*** Exercise input Section Begins ***

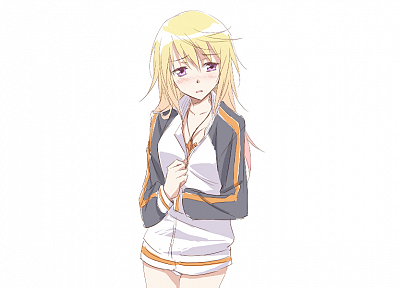 Infinite Stratos, Dunois Charlotte, simple background - related desktop wallpaper
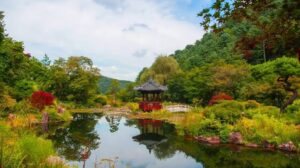 アチムコヨ樹木園 gapyeong morning calm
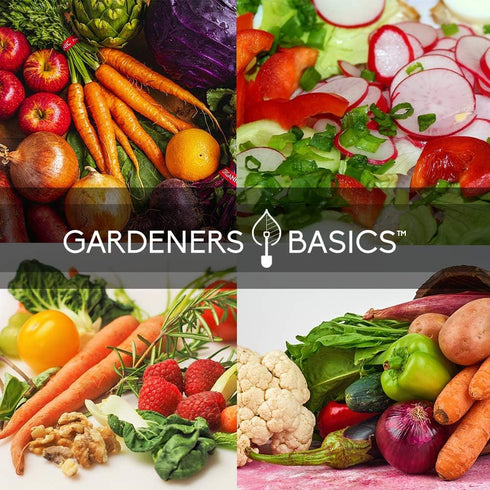 8 Gardeners Basics Winter, Fall, and Spring Vegetable Seeds for Planting | Cool Weather Crops | Varieties: Sugar Snap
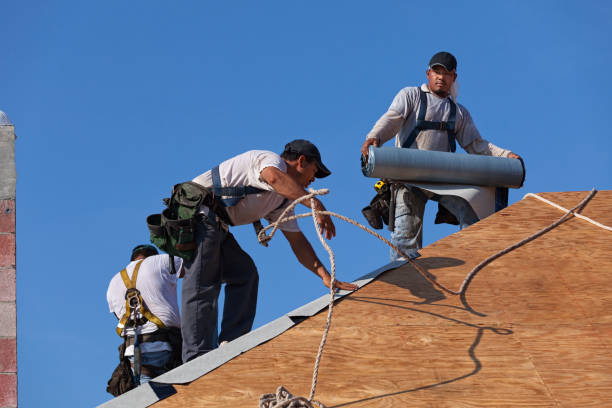 Best Residential Roofing Contractor  in Alderson, WV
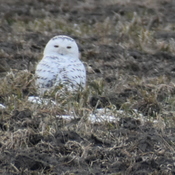 Absolutly beautiful Snowy Owl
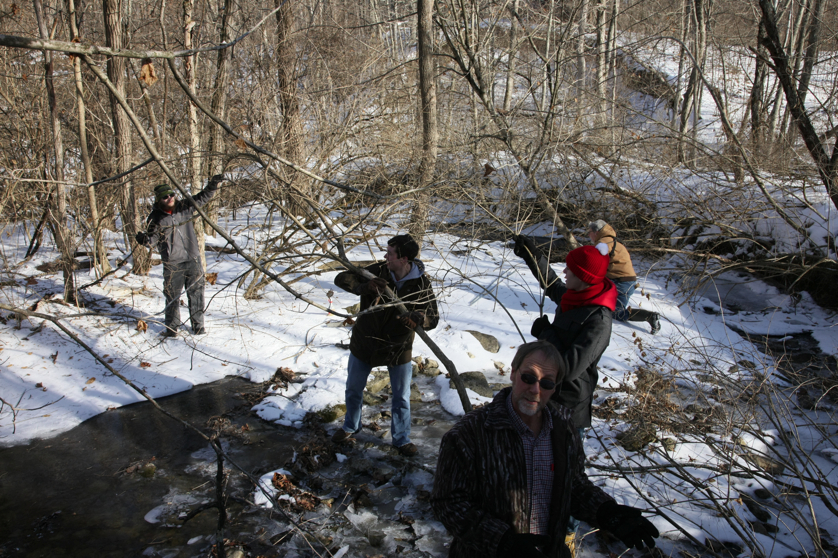 Full Size Image = 6217 K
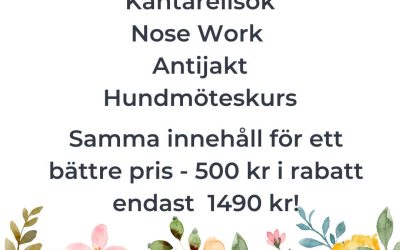Sommarens projektkurser- 500 kr i rabatt – endast 1490 kr!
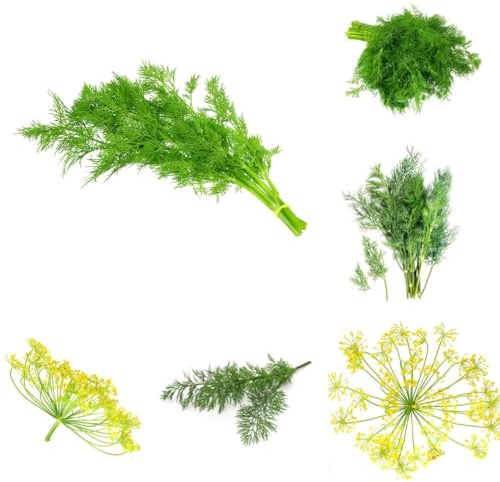 Semillas de eneldo orgánico, Anethum graveolens - productos sostenibles exóticas de balcón resistentes semillas de medicinales Semillas de variedades antiguas 400pcs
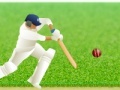 Παιχνίδι Cricket Defend the Wicket!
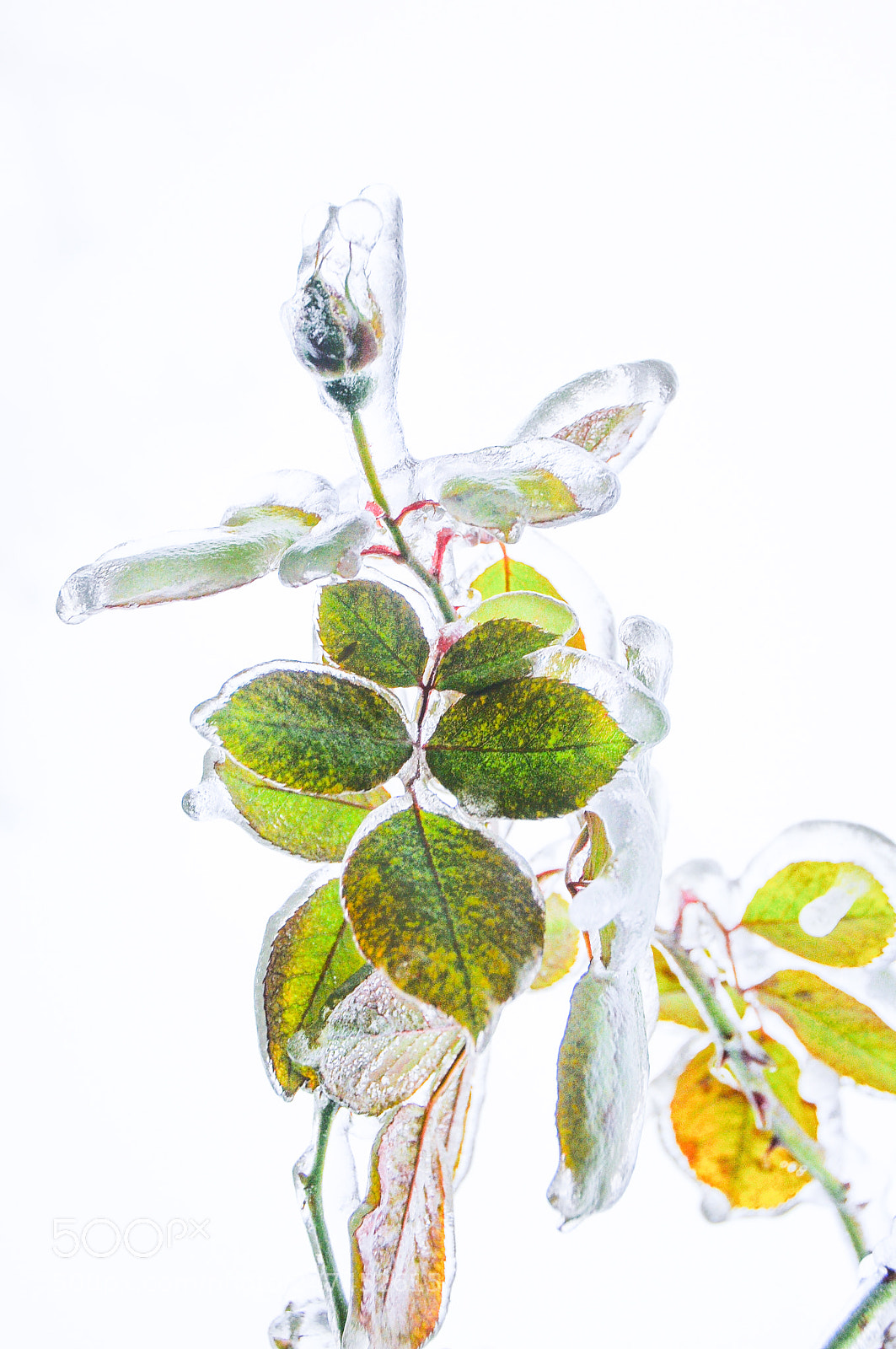 Nikon D300S sample photo. Eisrose photography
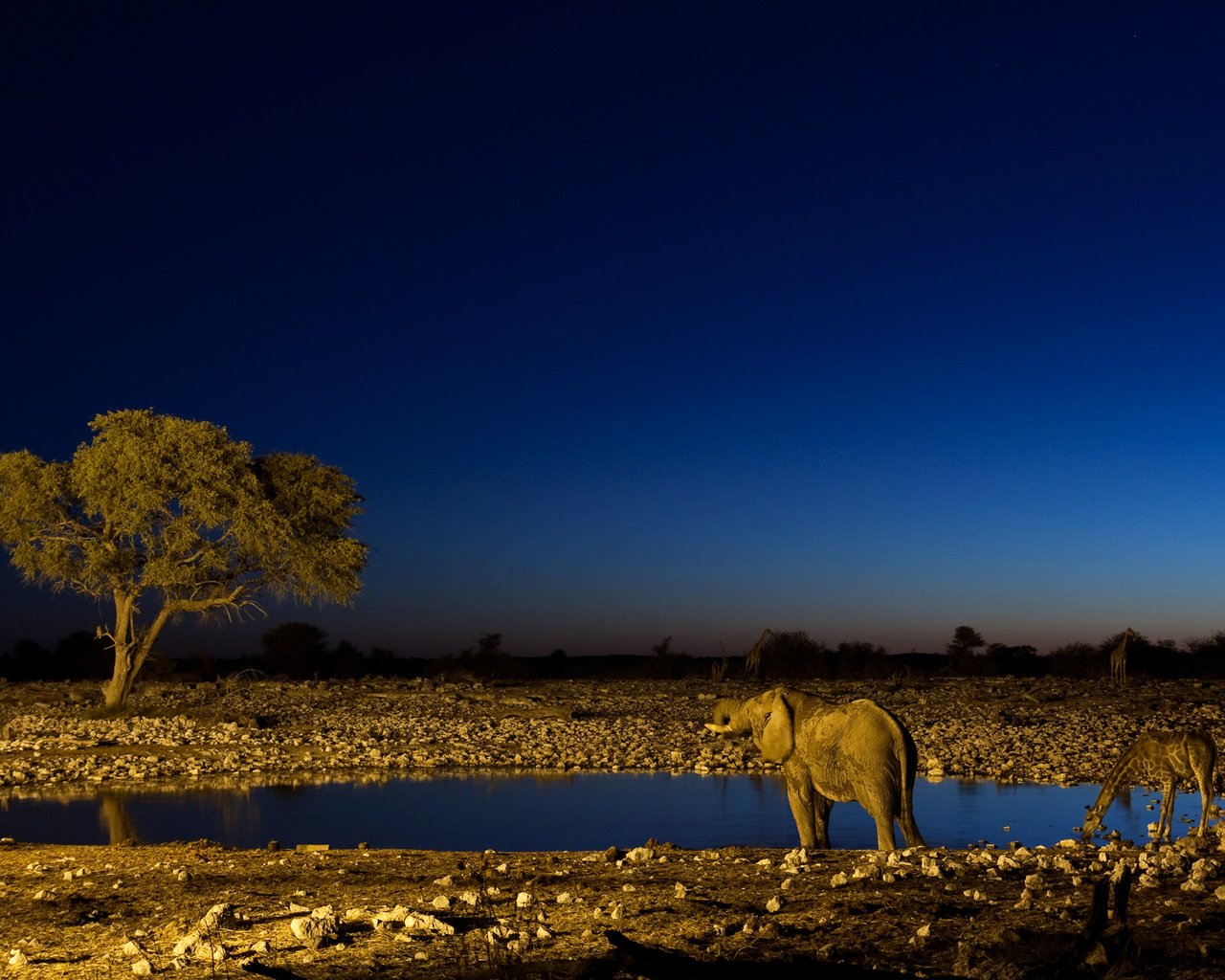 Обои ночь, слон, жираф, водопой, night, elephant, giraffe, drink разрешение 2560x1600 Загрузить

*** Exercise input Section Ends ***

### Exercise objective:
Using the data above, retype exactly and only the lines from the one containing "8 Gardeners Basics" up to and including the one containing "Sommarens projektkurser- 500", with no pictures carried over.

### Expected answer:
 8 Gardeners Basics Winter, Fall, and Spring Vegetable Seeds for Planting | Cool Weather Crops | Varieties: Sugar Snap
 Best Residential Roofing Contractor  in Alderson, WV
 Absolutly beautiful Snowy Owl
 Full Size Image = 6217 K
Sommarens projektkurser- 500 kr i rabatt – endast 1490 kr!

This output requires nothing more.